🤖 AI Summary
Existing probabilistic logic programming (PLP) frameworks based on distributional semantics support only point probabilities, rendering them inadequate for modeling epistemic uncertainty—such as category ambiguity in visual hierarchical classification. To address this limitation, we introduce belief functions from Dempster–Shafer evidence theory into the distributional semantics of PLP, proposing Capacity Logic Programs (CLP): a novel framework that employs non-additive measures to represent uncertainty and replaces point probabilities with probability intervals, thereby explicitly capturing epistemic uncertainty.
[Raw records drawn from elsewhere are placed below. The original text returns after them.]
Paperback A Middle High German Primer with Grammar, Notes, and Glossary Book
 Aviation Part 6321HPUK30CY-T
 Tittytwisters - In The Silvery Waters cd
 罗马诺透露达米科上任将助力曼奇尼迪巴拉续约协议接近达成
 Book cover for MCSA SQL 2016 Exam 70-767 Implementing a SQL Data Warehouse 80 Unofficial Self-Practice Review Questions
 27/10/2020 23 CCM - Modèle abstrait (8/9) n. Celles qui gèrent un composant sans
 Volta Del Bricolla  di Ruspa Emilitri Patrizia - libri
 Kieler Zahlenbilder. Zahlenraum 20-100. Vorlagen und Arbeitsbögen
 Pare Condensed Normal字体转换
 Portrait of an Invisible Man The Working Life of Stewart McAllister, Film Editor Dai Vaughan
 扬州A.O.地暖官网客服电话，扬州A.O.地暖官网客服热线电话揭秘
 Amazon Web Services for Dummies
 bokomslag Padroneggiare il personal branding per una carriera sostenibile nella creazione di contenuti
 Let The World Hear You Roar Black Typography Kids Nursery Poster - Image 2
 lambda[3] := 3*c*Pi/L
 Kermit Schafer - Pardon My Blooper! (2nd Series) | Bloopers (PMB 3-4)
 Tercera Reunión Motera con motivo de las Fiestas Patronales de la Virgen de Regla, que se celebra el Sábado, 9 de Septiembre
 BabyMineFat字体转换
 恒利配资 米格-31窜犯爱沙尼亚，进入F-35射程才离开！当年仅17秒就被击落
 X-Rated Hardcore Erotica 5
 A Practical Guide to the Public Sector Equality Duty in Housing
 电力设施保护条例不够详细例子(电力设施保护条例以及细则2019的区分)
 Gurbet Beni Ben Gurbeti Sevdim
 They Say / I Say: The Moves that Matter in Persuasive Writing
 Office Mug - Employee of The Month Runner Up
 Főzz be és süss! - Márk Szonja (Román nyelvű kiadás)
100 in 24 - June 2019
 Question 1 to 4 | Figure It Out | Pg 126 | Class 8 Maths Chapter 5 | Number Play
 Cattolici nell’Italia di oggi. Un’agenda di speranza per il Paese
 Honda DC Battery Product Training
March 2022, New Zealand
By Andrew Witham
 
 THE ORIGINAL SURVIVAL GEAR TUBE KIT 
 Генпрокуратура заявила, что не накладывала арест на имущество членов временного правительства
CLP rigorously generalizes classical PLP semantics while preserving fundamental logical properties—including satisfiability and existence of minimal models. The framework admits efficient implementation in Prolog and Python. Empirical evaluation demonstrates that CLP significantly enhances uncertainty quantification and improves robustness in visual relation reasoning and other downstream tasks.
📝 Abstract
Probabilistic Logic Programming (PLP) under the Distribution Semantics is a leading approach to practical reasoning under uncertainty. An advantage of the Distribution Semantics is its suitability for implementation as a Prolog or Python library, available through two well-maintained implementations, namely ProbLog and cplint/PITA. However, current formulations of the Distribution Semantics use point-probabilities, making it difficult to express epistemic uncertainty, such as arises from, for example, hierarchical classifications from computer vision models. Belief functions generalize probability measures as non-additive capacities, and address epistemic uncertainty via interval probabilities. This paper introduces interval-based Capacity Logic Programs based on an extension of the Distribution Semantics to include belief functions, and describes properties of the new framework that make it amenable to practical applications.